As I look back on those years, I sometimes feel regret. Regret that I didn't try harder to be more helpful, more understanding and selfless. As a teenager, I obviously didn't know the things I know now. So, I try not to let my thoughts fill with regret. This past week I reminisced about good times, times I remember as a child. I love to be around my dad's sisters, as they remind me of him or tell me stories about him in his youth.
I know most girls think highly of their fathers. I cannot express how much I respect the man my dad was. He was such an example to me. I try very hard to possess the great qualities that he carried. He was a generous, loving, hard working, and funny man. My dad could always make us smile. I have 3 sisters - my dad never got a boy. He let us play with his hair, scrunchies, clips and all. He taught us how to do so many responsible things - chores we considered "boy chores." Such as, mow and edge the lawn, wash the cars (inside and out), take out the trash, paint the garage and so on. He also taught us how to throw a ball (not like a girl) and swing a golf club properly. My dad loved us more than anything, I know that for sure.

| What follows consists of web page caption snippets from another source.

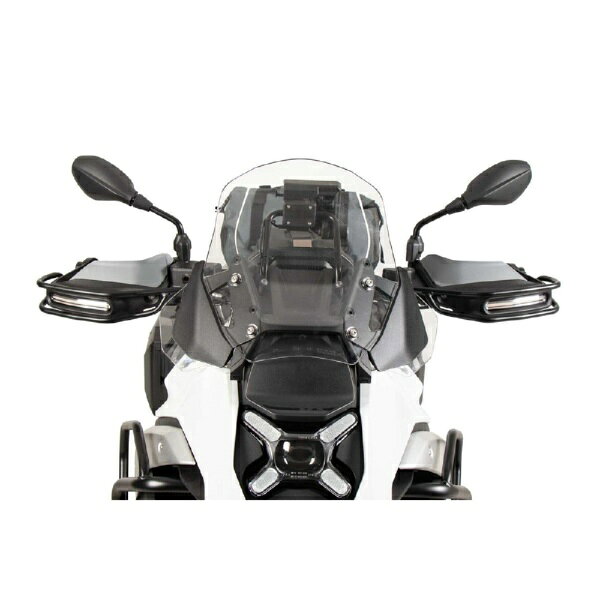 ヘプコアンドベッカー｜HEPCO&BECKER ハンドガード ブラック R1300GS 23-25 42126532 00 01
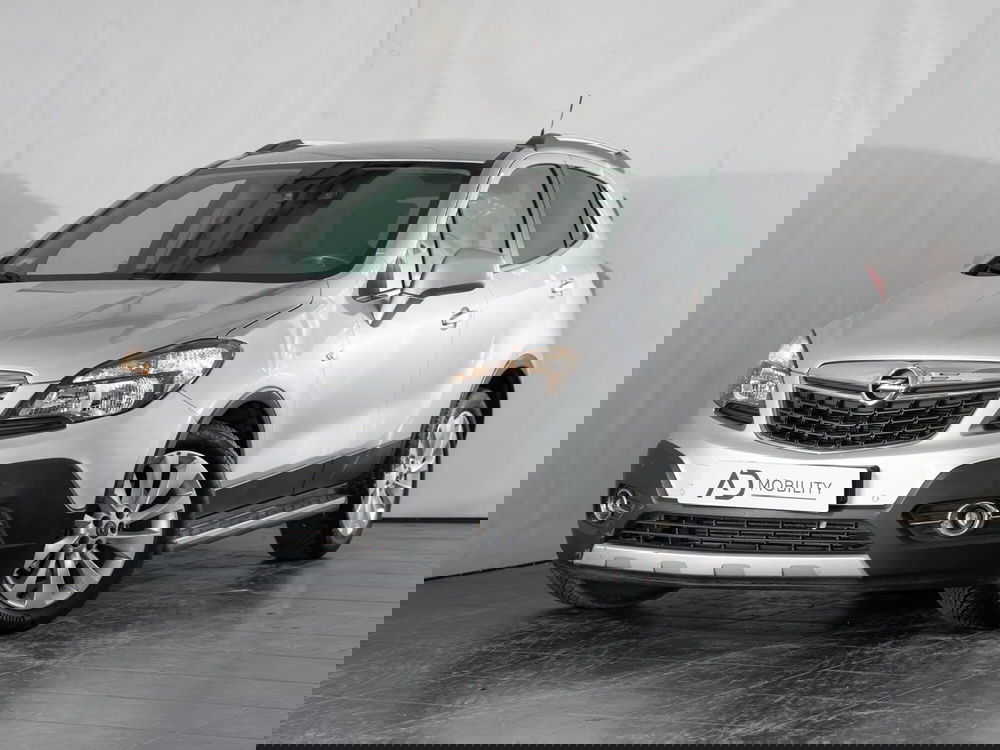 Opel Mokka usata a Foggia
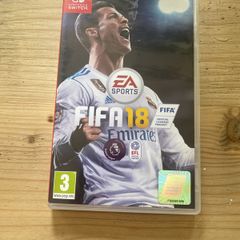 fifa 18 nintendo switch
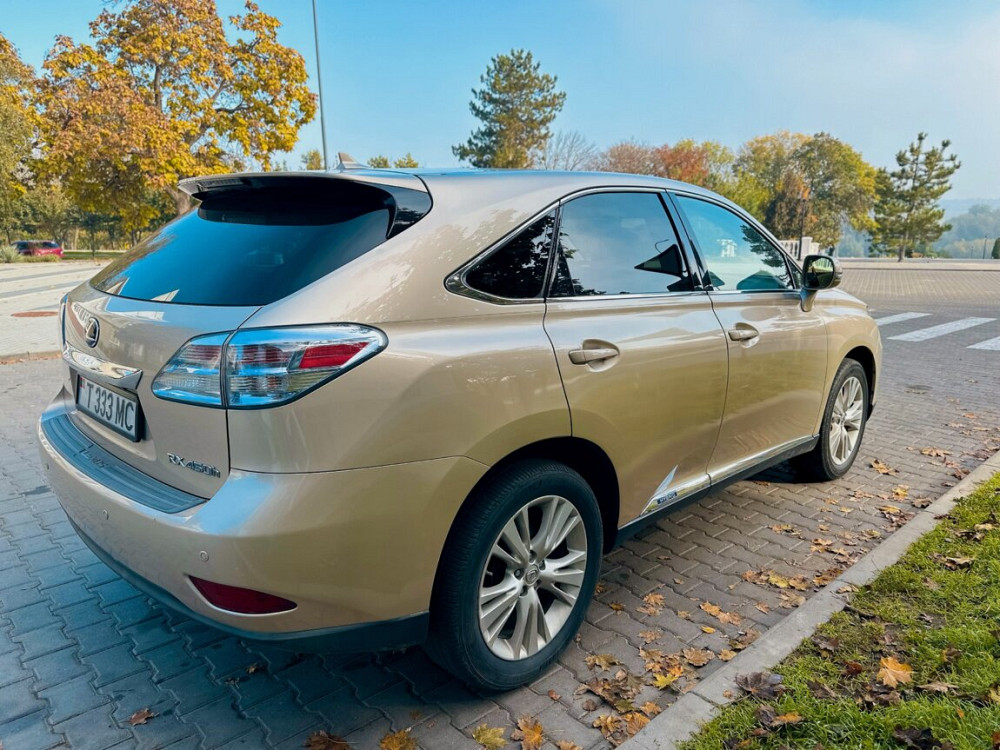 Lexus RX 2011 год Тирасполь Тирасполь - изображение 4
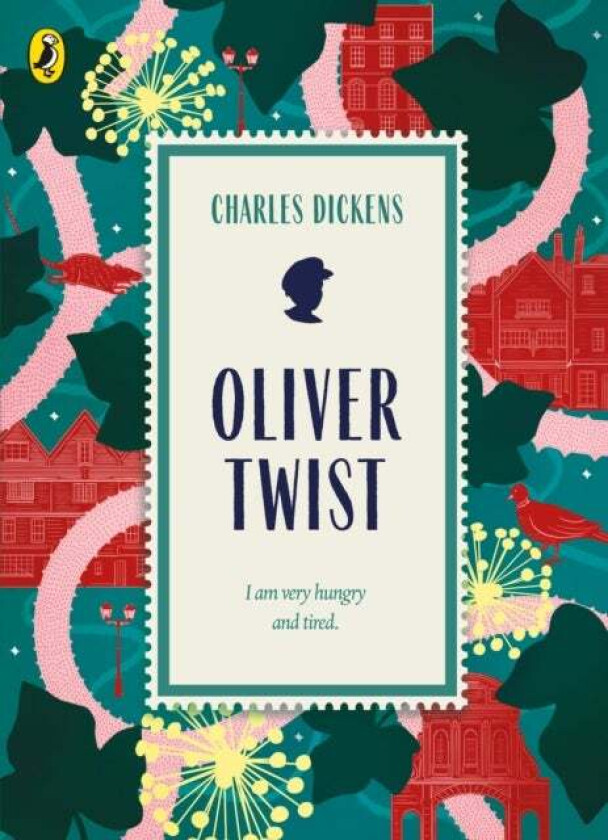 Oliver Twist av Charles Dickens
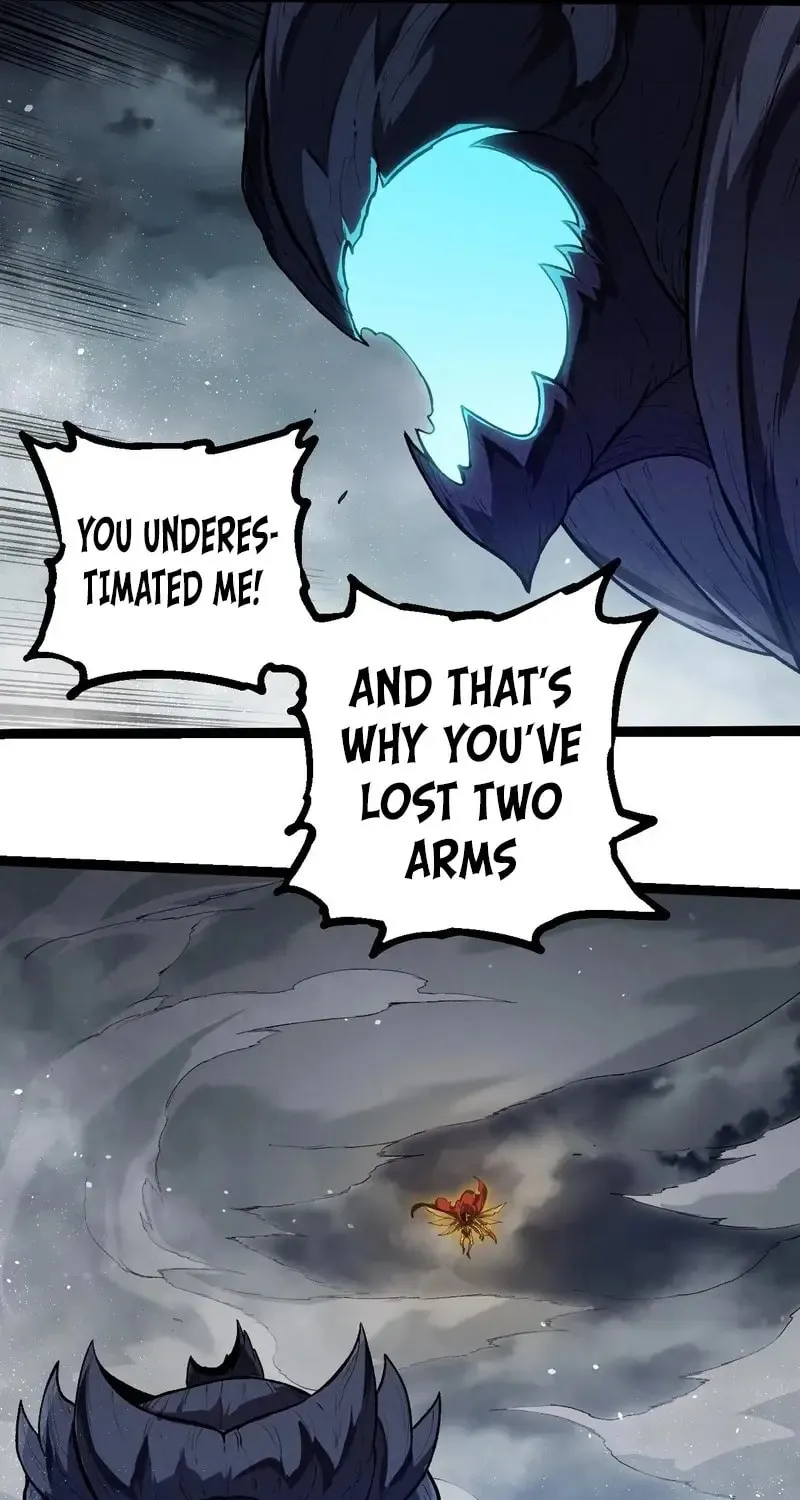 Evolution Begins With a Big Tree Chapter 341 page 28 - 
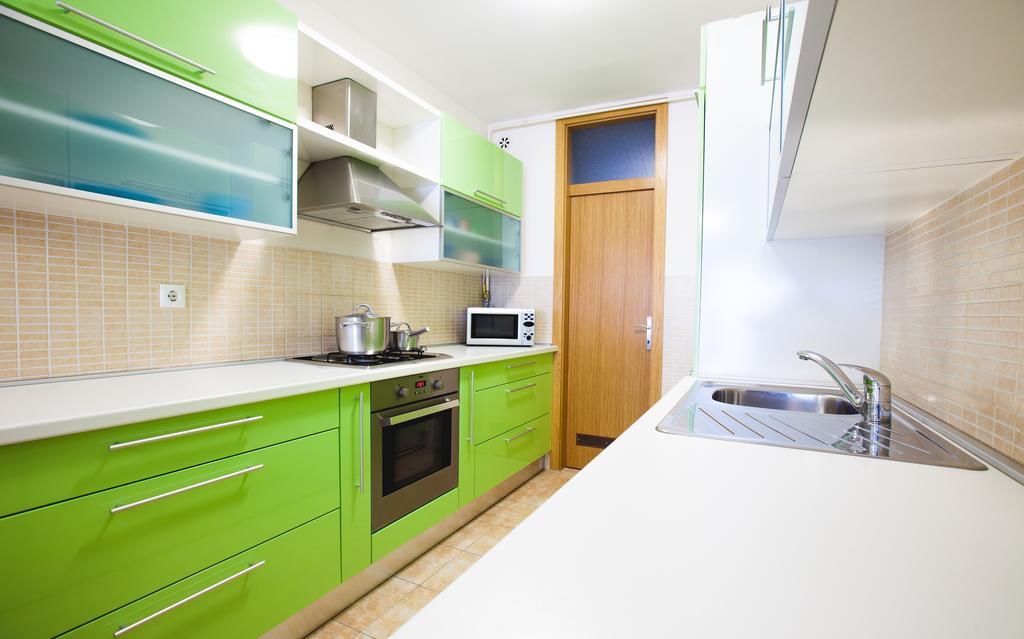Apartment Lana Zagreb Rum bild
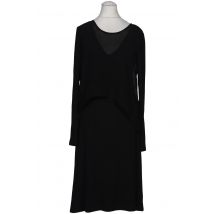 Isabel de Pedro Damen Kleid, Schwarz, Gr. EU 36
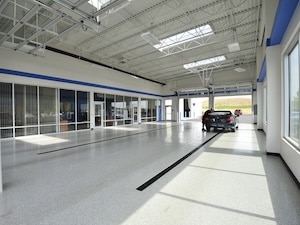 Roll on Rock® Flooring System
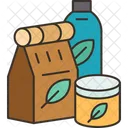 Product Waste Recycle Icon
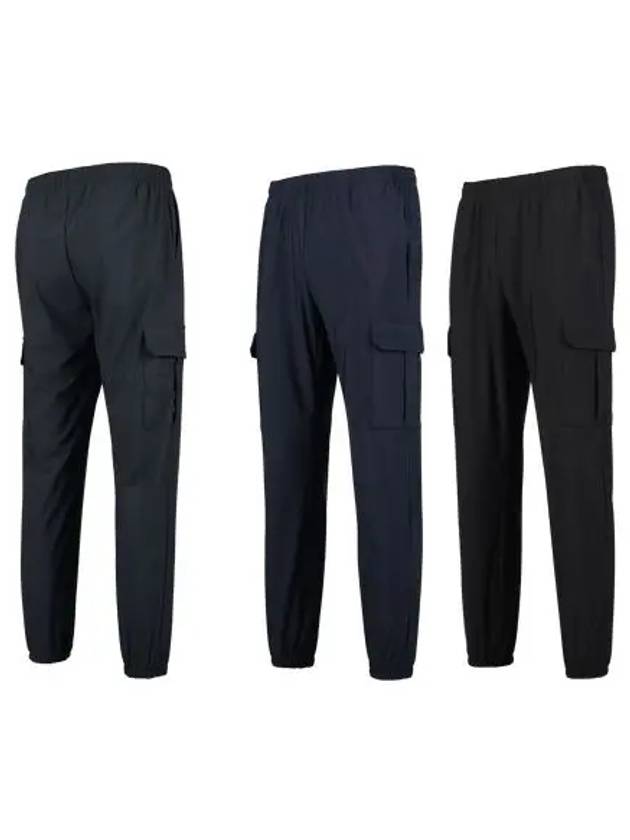 One Mile Wear Banding Cargo Jogger Pants MX4M514 - LUX GOLF - BALAAN 3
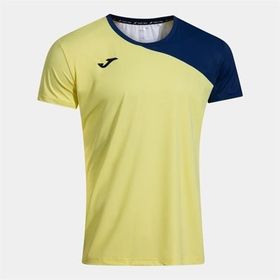 Joma 104490.931 Deuce Erkek Spor Sarı Tişört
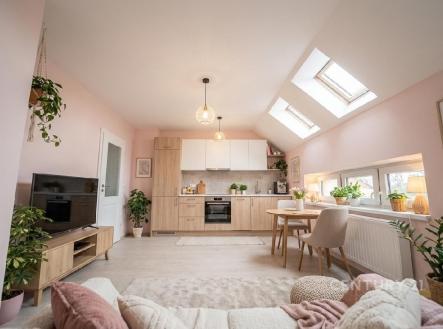 Prodej bytu, 2+kk, 45 m²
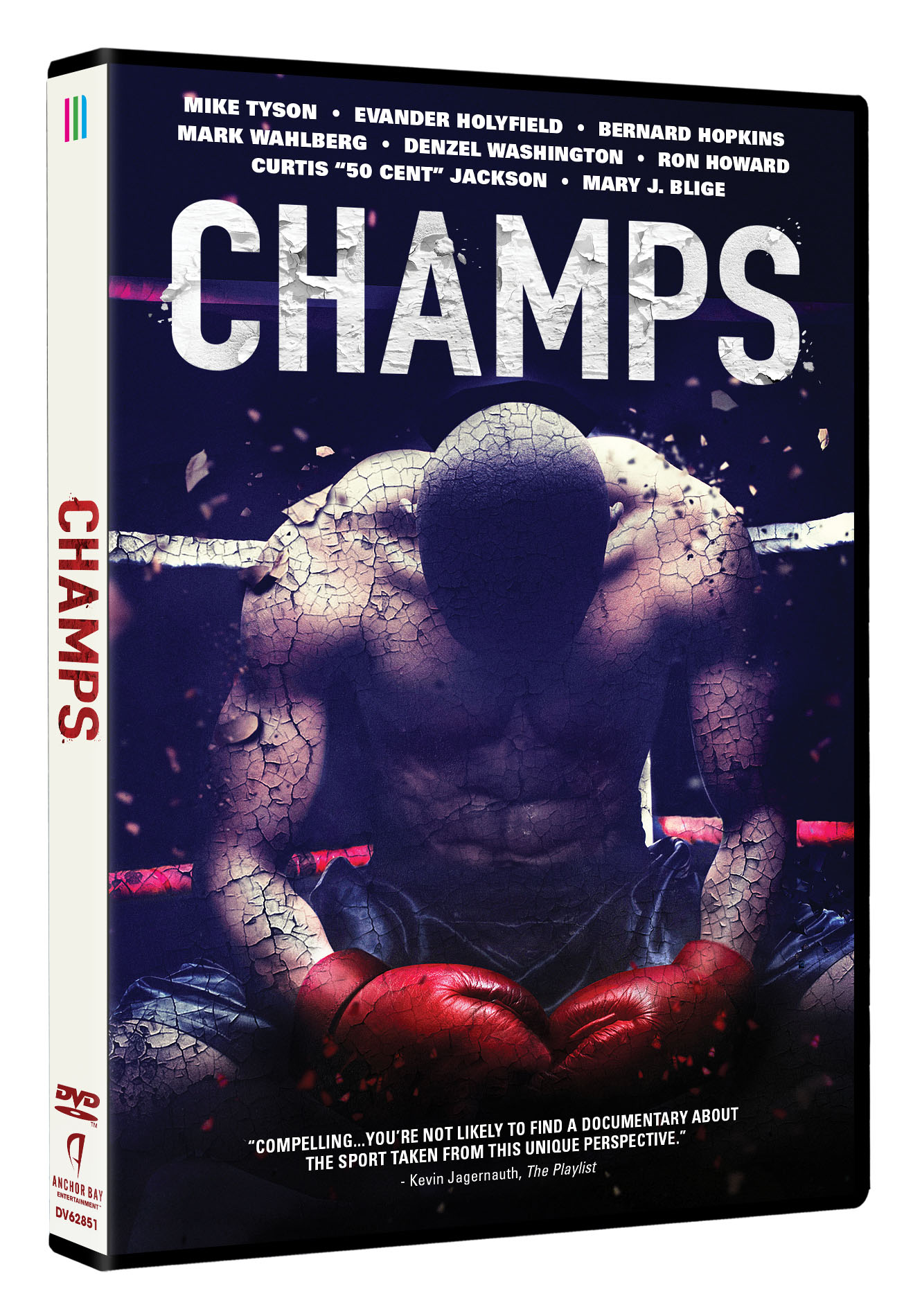 Champs DVD Review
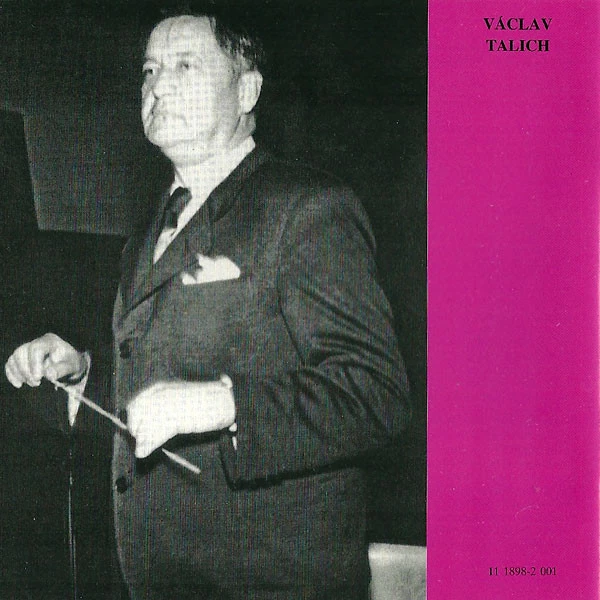 Vaclav Talich - Symphony No. 8 • In Nature's Realm • Carnival • Othello CD (N/A)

I miss him all the time. In good times (my wedding) and bad times. During the bad times, I wish he were here to comfort me and offer fatherly advice. The thing that eases my heartache is that I know without a doubt I will see him again. I strongly believe in the power of eternal families. I know that he is waiting for us to return to heaven to be with him. This brings me comfort.
Happy Birthday Dad.
I love you.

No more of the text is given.